Вероника подумала, что она имеет в виду насилие. Взрывы, или убийство, или что-то еще незаконное. А так как Ханна не хотела об этом говорить, Вероника больше не касалась этой темы.

Вероника первая сказала: «Я люблю тебя».

Это было на рассвете. Они лежали рядом, зажав руки друг у друга между ног, едва касаясь губами. Удовольствие было настолько сильным, что слова вырвались из нее неосознанно. Ханна крепко сжала ее руку и сказала:

– Меня пугают твои слова. Люди говорят «люблю» и используют это слово в качестве оружия. Я не хочу, чтобы с нами случилось то же самое.

– Я все равно тебя люблю. Что бы ты ни сказала. Нравится тебе это или нет.

Ханна отодвинулась от нее достаточно, чтобы взглянуть ей в глаза.

– Я тоже тебя люблю.

– Я хочу слезть с метадона. Хочу бросить наркотики.

– Хорошо.

– Прямо сейчас. Сегодня.

– Тебе будет плохо. Я могу достать лекарства, которые немного помогут, но это жуткое мучение.

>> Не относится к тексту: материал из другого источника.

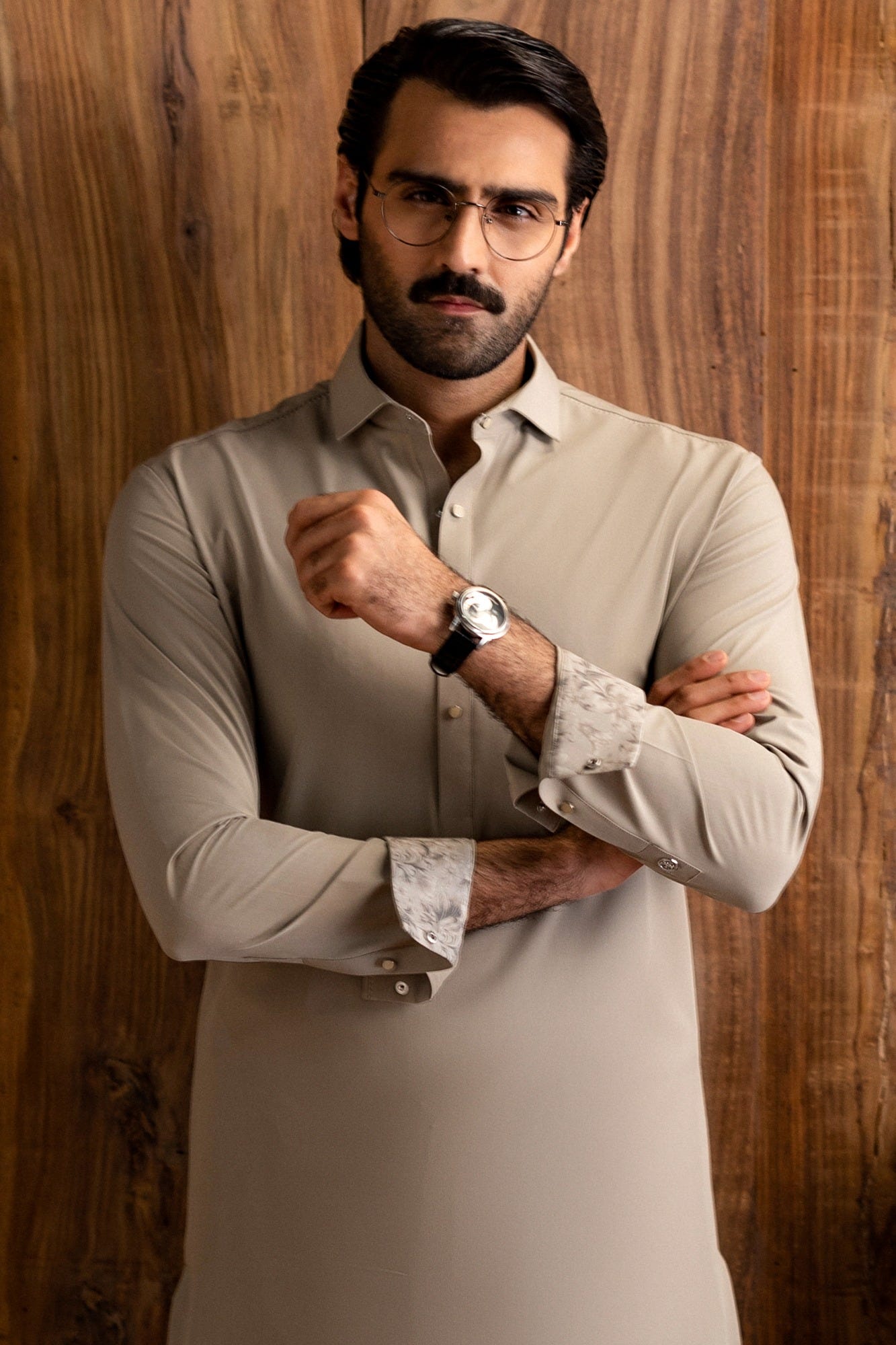 shizuoka-vintage-khaki-blended-exclusive-kameez-shalwar-ccmkss39611b3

Ты уверена, что готова к такому?

– Я хочу этого.

– Подожди еще неделю. Нам надо выбраться, вернуть тебя в реальный мир. Если на следующей неделе ты не передумаешь, то мы попробуем.

– Думаю, я согласна, – сказала Вероника. Она слегка промокнула глаза салфеткой. Они обе притворились, что не заметили ее слез. – Что я скажу Ичико?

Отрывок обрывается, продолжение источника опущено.